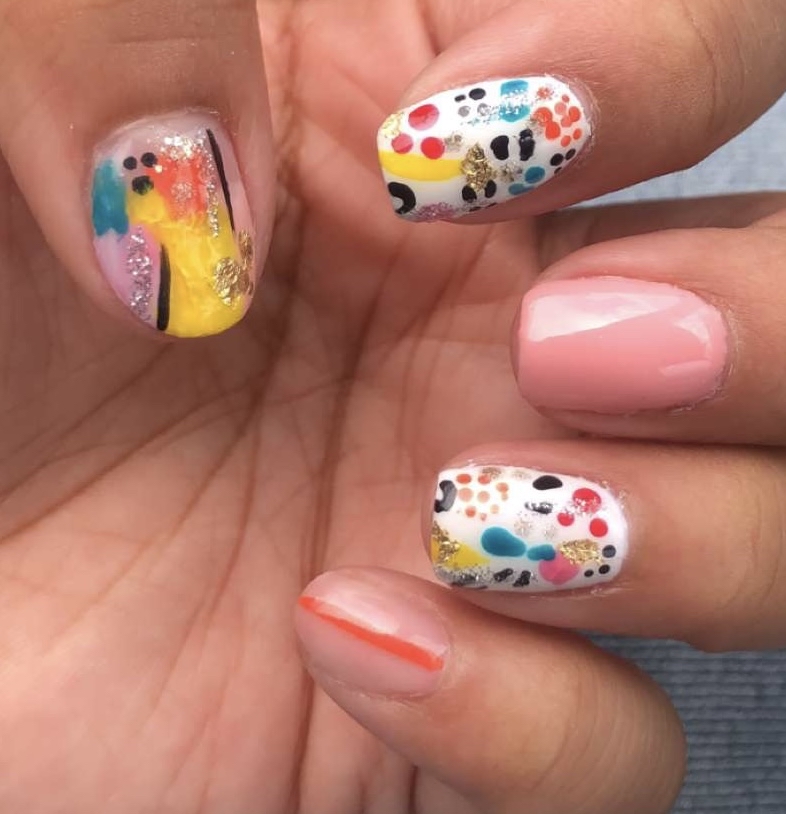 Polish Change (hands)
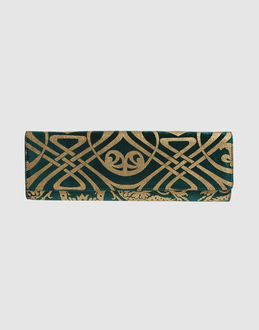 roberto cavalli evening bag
* * *
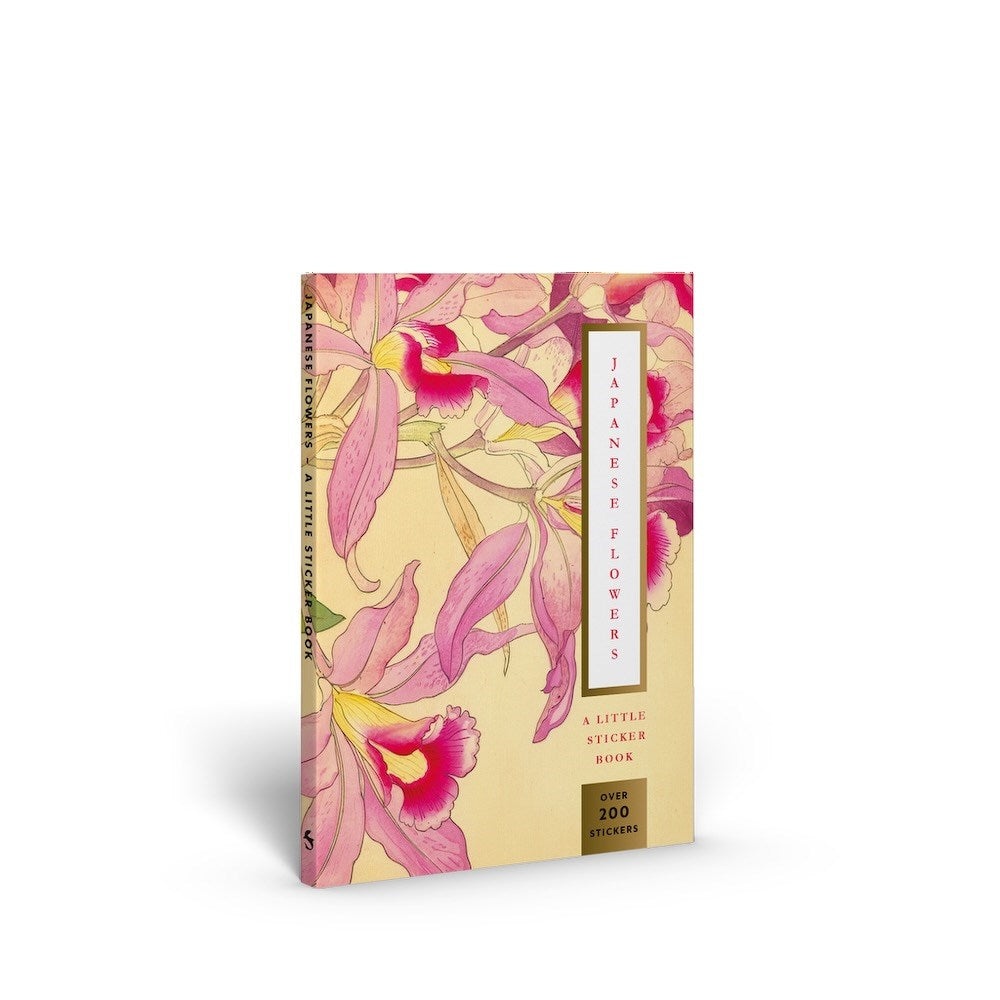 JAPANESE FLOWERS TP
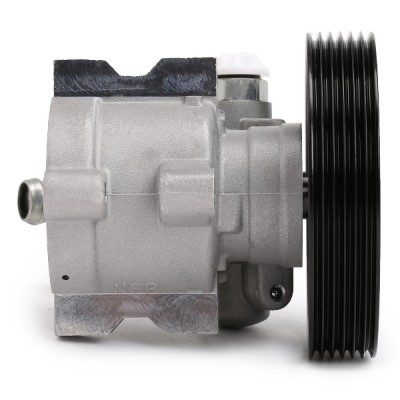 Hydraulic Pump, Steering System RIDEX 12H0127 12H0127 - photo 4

▶ _WHAT YOU NEED TO DO_
In the listing above, find the line containing "Polish Change (hands)" and the line containing "roberto cavalli evening bag", then output those two lines and everything between them exactly as written, without the images.

▶ _YOUR RESPONSE_
 Polish Change (hands)
 roberto cavalli evening bag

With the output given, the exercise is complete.